1. Home
  2. Recipe Box

Chicken Scallop Recipe

File this chicken scallop recipe under family favorites.  It is a chicken and stuffing bake in a thick mushroom sauce that is divine.

File this chicken scallop recipe under family favorites. It is a chicken and stuffing bake in a thick mushroom sauce that is divine. #misshomemade

Chicken Scallop Recipe

For this quick easy dinner recipe, I have included a wonderful mushroom sauce. Wonderful. 

CHICKEN-n-STUFFING SCALLOP

Prepare 1/2 (1-3/4 cups) herb-seasoned stuffing according to package directions. Spread into bottom of greased 10″x6″ baking dish.

Top with cooked chicken pieces

PREHEAT oven to 325 degrees.

1/4 cup butter
1/2 cup flour
2 cups chicken broth
3 eggs, slightly beaten

In a saucepan, melt the butter and blend in the flour and a dash of salt and pepper. Add the broth and cook until mixture thickens. Stir in 1/2 cup of this mixture in with the eggs (temper) and then return back to the hot mixture. Mix well and pour over chicken in the baking dish.
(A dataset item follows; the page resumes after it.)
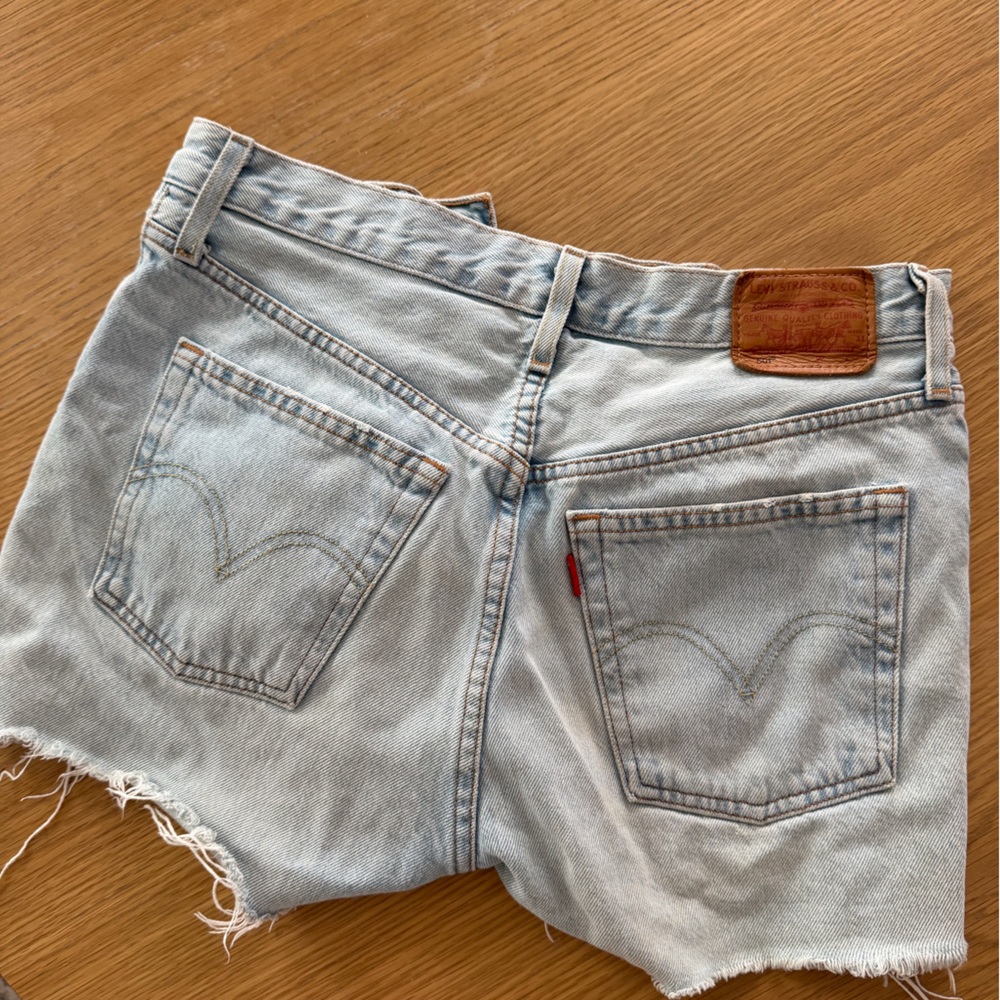 Levi's Light Blue Denim Shorts with Tan Leather Patch size 26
Make the mushroom sauce and pour over all. 

Bake for 30 to 35 minutes or until knife inserted off-center comes out clean. Let stand 5 minutes to set and serve.

Mushroom Sauce

1 can cream of mushroom soup
1/4 cup milk
1/2 cup sour cream
1 cup sliced mushrooms

Mix the above ingredients together in a saucepan and heat through. Pour over chicken dish above before baking.

SCALLOPED CHICKEN AND STUFFING

1/2 cup butter
1/4 cup finely chopped onion
3-1/2 cups stuffing cubes 
1/2 cup hot chicken broth or stock
1-1/2 cups cubed cooked chicken
2 TBS all purpose flour
1/2 tsp salt
1-3/4 cups milk
2 eggs, slightly beaten
2 TBS snipped parsley
1/8 tsp paprika

PRHEAT oven to 350 degrees.  Grease a 1-1/2 quart baking dish.  
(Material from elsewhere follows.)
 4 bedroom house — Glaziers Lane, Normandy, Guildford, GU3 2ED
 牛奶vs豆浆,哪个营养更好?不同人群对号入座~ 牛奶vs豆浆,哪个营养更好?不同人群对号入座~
Melt 1/4 cup butter in medium size saucepan.  Add onion and cook over low heat until tender.  In a bowl add the stuffing cubes and pour the onion over them.  Toss lightly.  Stir while adding chicken broth.  Spread into the bottom of the prepared baking dish and top with the cubed chicken.

In the same pan in which you cooked the onions, melt the remaining 1/4 cup of butter over low heat.  Stir in the flour and salt and cook for 10 seconds or so.  Whisk in the milk until smooth.  Increase the heat to medium and cook until the mixture bubbles and thickens, whisking constantly.  Remove from heat and cool a bit so the eggs don’t cook.  Whisk in the eggs and parsley and pour over the chicken and stuffing in the pan.  Sprinkle with paprika.

Bake 30 minutes or until set.  Remove from the oven and cool 5 minutes before cutting into squares to serve.

Recipe Notes

Instead of cubing the chicken, I have purchased a rottiseire chicken and just took off the chicken in pieces and used that.  It was delicious.